Oddly, as the nightclub insiders and local press confirm, there are now more red carpets each week and more press covering those events than ever. The reason, says a freelancer for a national entertainment weekly who has almost stopped covering red carpets, is that now anyone with a website can get a press pass. “We have a lot of what I would call fake red carpets.” If the stars are not that famous, the teeming press hordes have fattened with bloggers, new-media reporters and freelancers hoping to sell a photo or quote.

“I knew exactly when to quit the red carpets,” says one of the photographers. “It happened the night I went to an event and the credentialed photographer next to me was using a cell-phone camera.”

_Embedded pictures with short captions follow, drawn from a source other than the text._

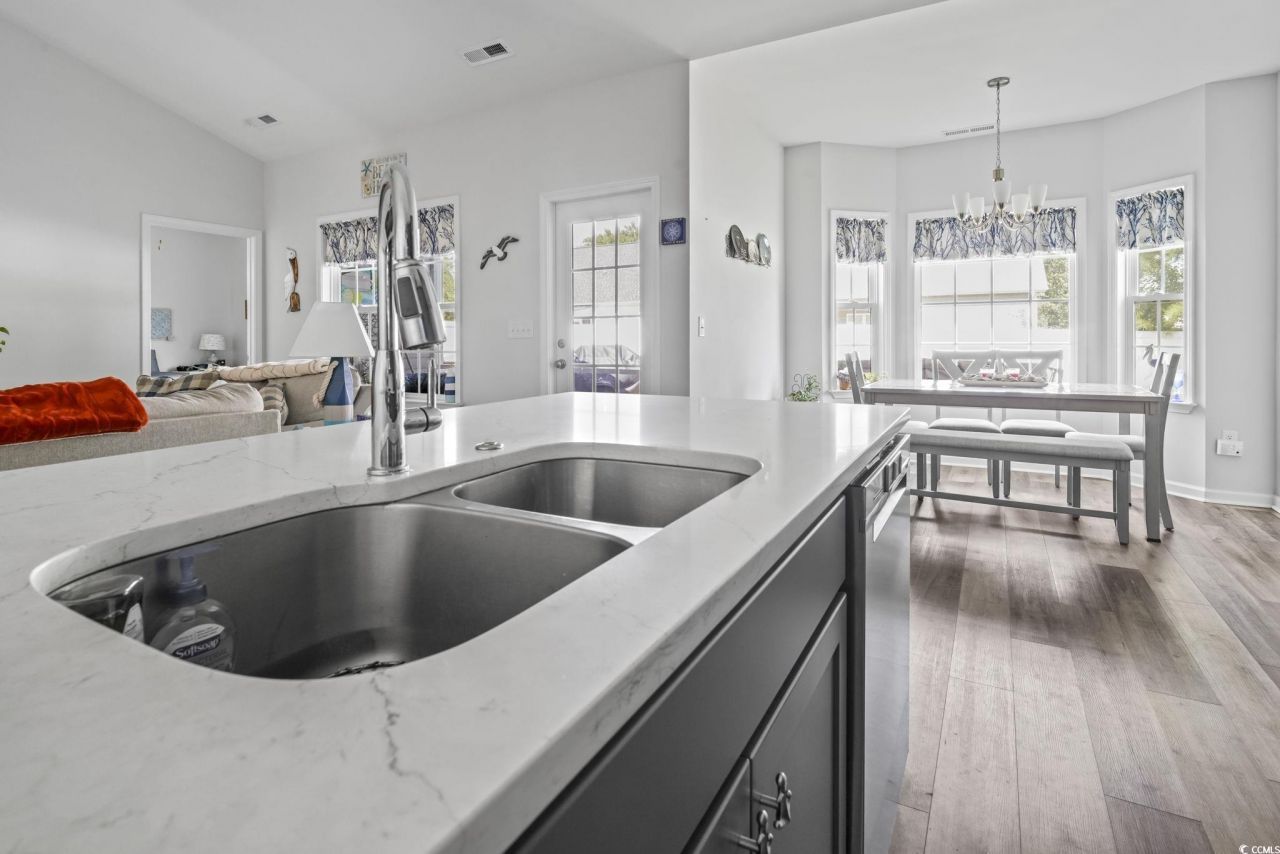 308 Concorde Dr. Photo 15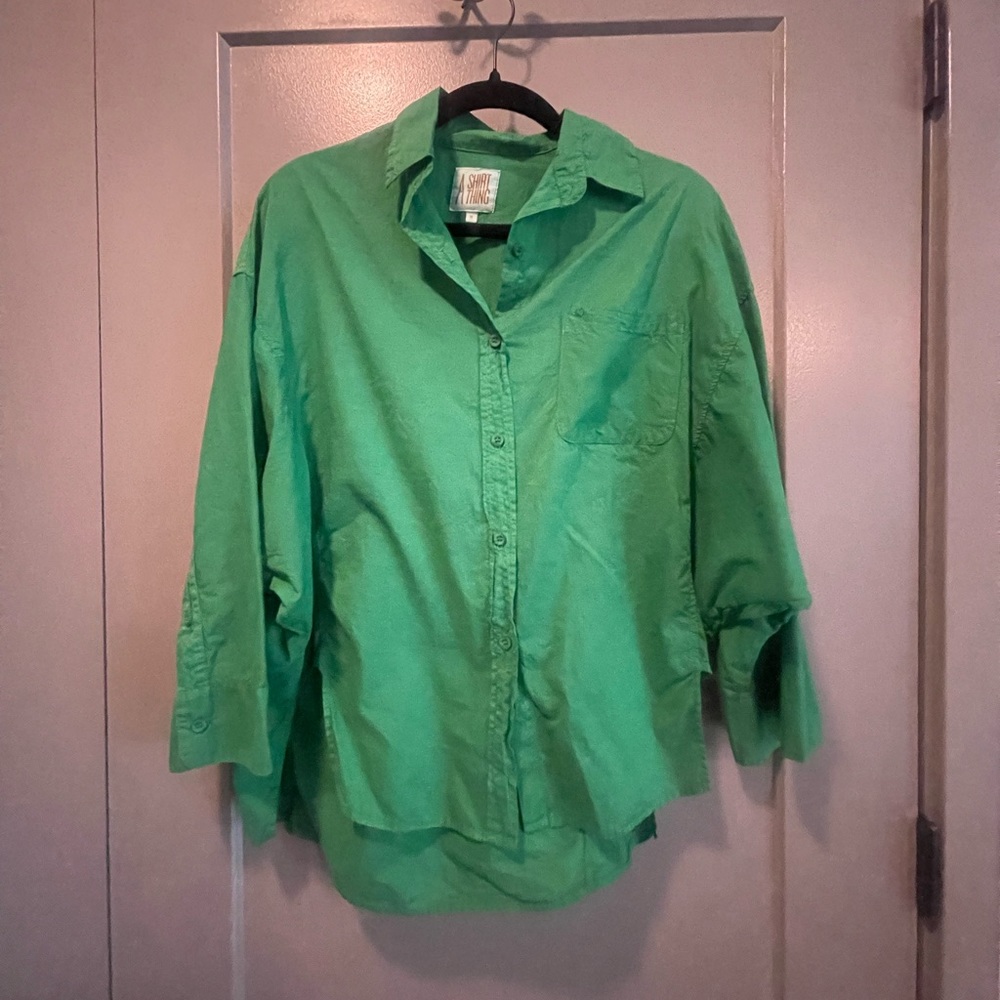 NWOT - A Shirt Thing - Sammy style in Kelly green color - size medium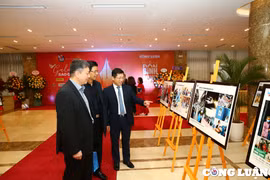 Giải ảnh "Khoảnh khắc báo chí 2021": Nơi hội tụ những câu chuyện dấn thân và nhân văn
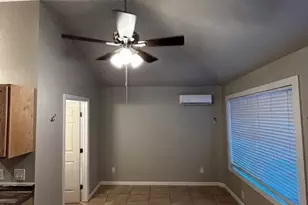 1020 N Main St, Baytown, TX 77520 - Photo 11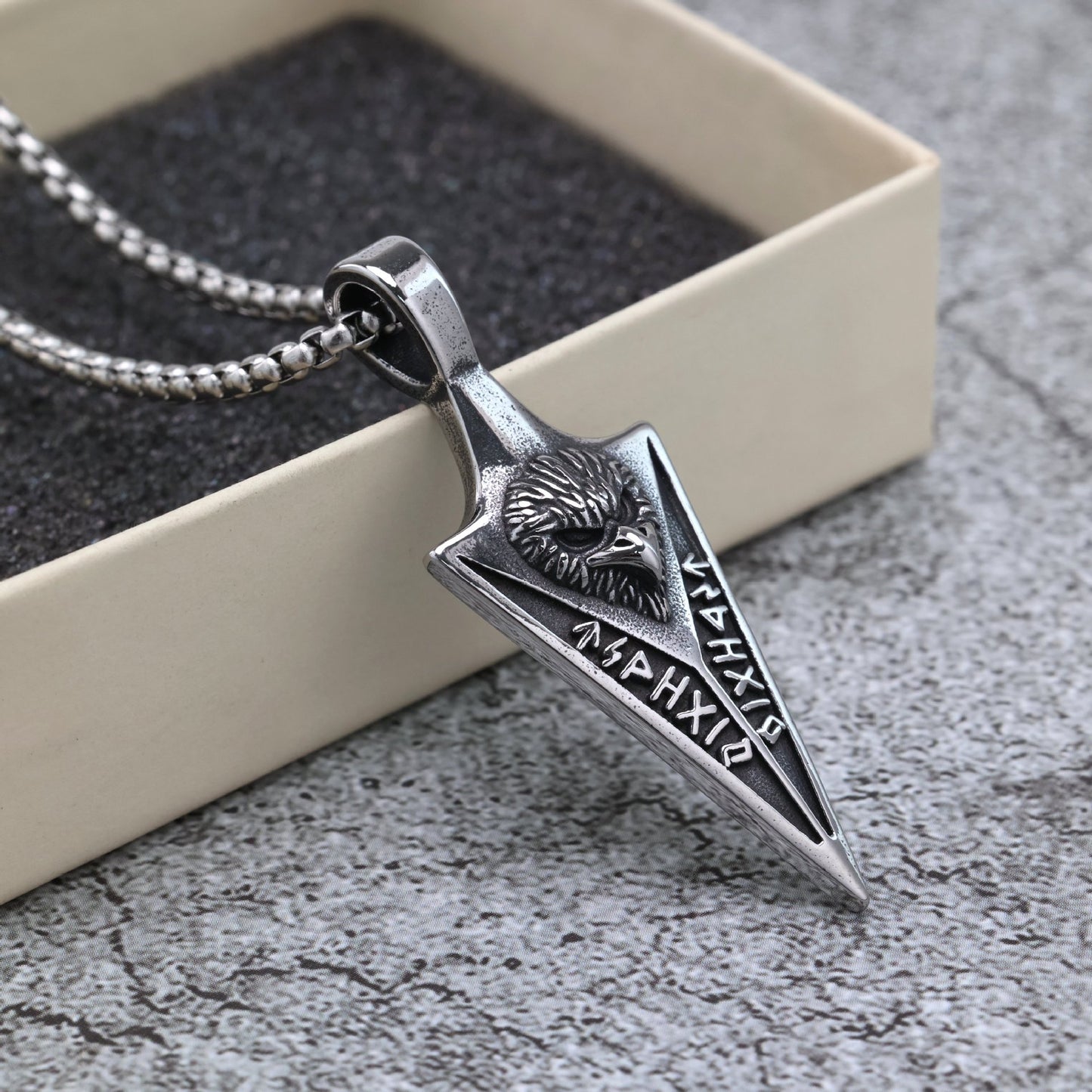 Planderful Nordic Retro Stainless Steel Viking Pendant For Men Single Sided Luhn Text Pendant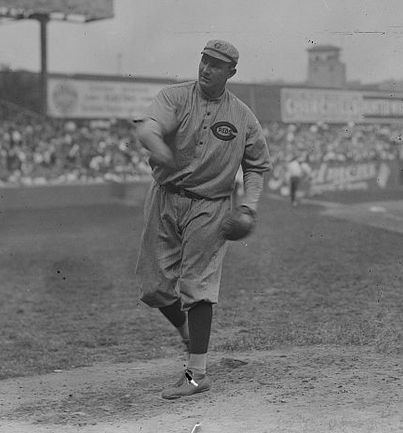 Buck Weaversolid fielding 3rd baseman for the White Sox during their  World Series appearances in 1917 …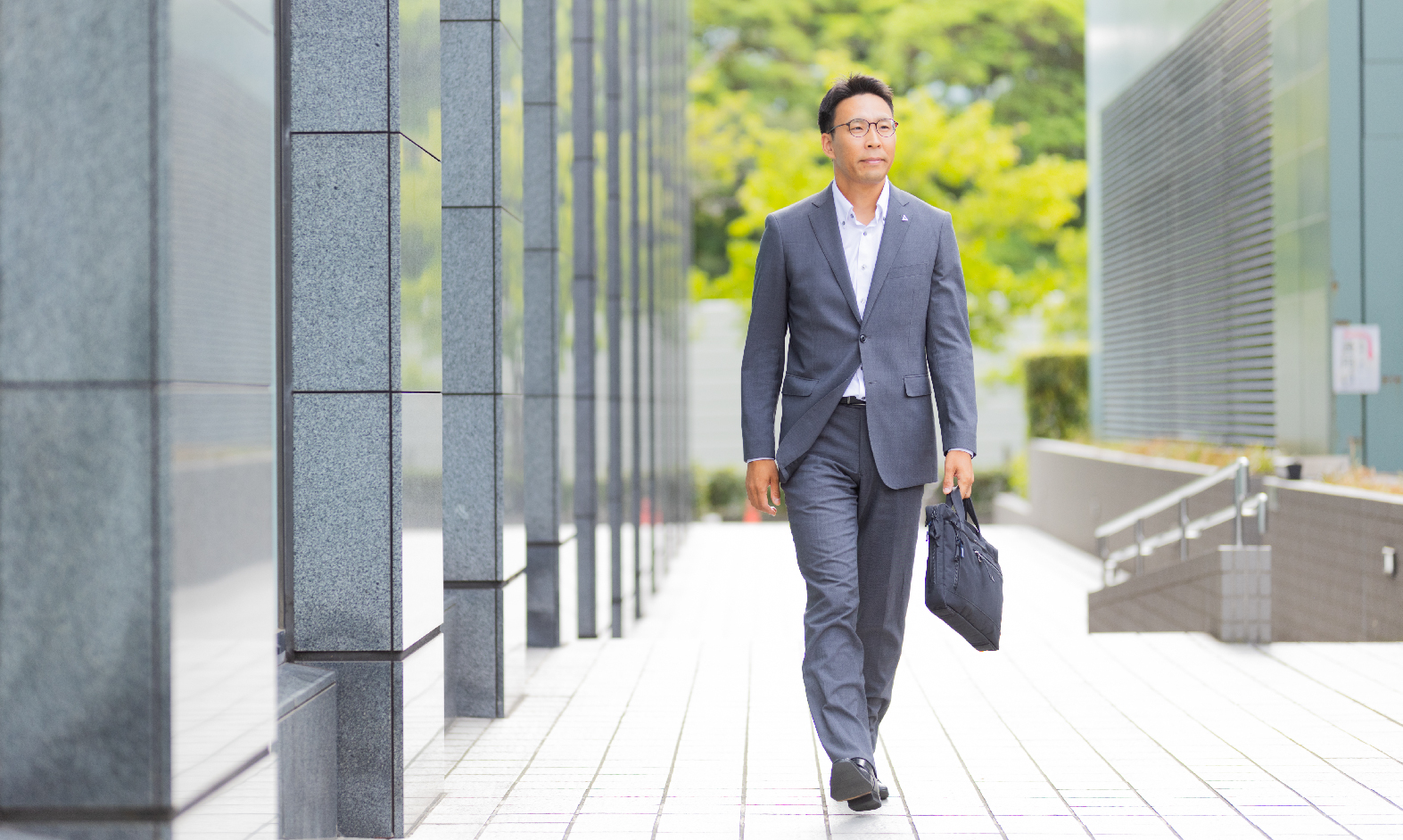 <p>最先端の分野で<br class=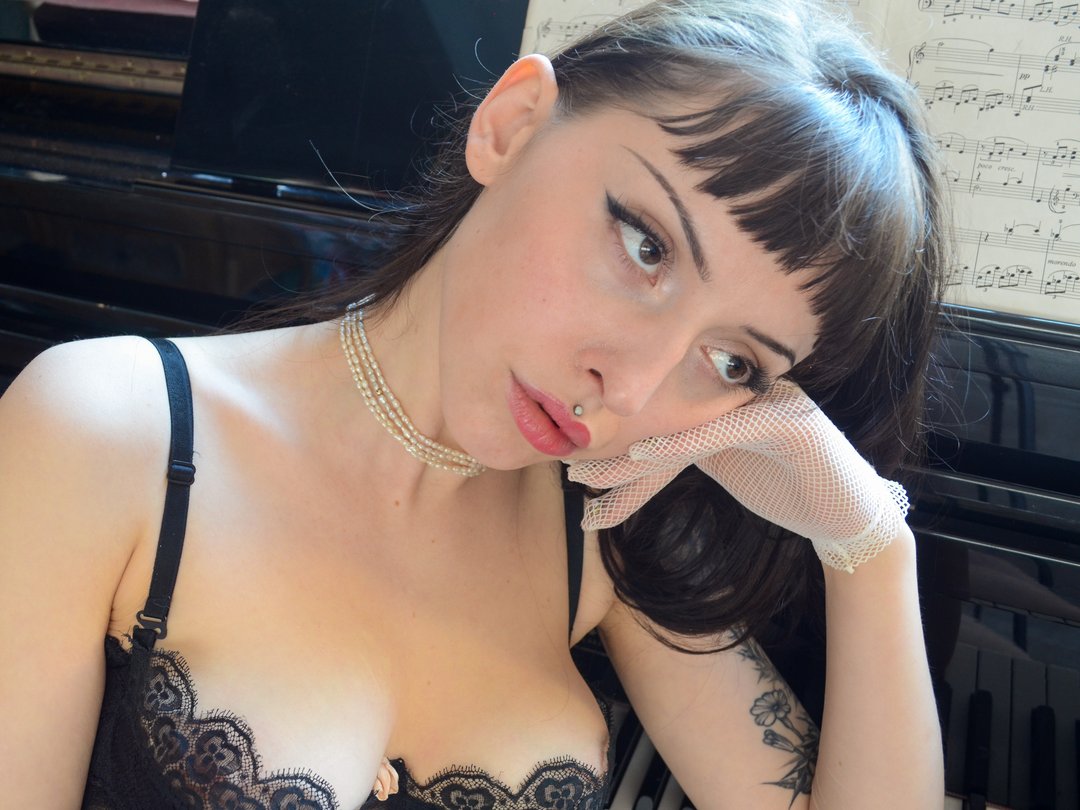 dovesdiary — LIVE on Streamate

To many in the press, what started as the media using the Vegas clubs for celebrity material quickly twisted into the clubs using the media to attract patrons. A reporter who recently quit covering red carpets offers this logic: “The clubs have us stand there for hours to make the tourists think something important is happening at the club to get them to go inside. We get nothing we can sell to publications. We became props for the clubs.”

“The nationals never cared about the nightclubs or the events I was at,” says one freelancer who’s given up red carpets. “It would always be that they had a question to ask Lindsay, and I would be on the carpet just to ask it. But now the red carpets are not Lady Gaga, they are Mini Lady Gaga.”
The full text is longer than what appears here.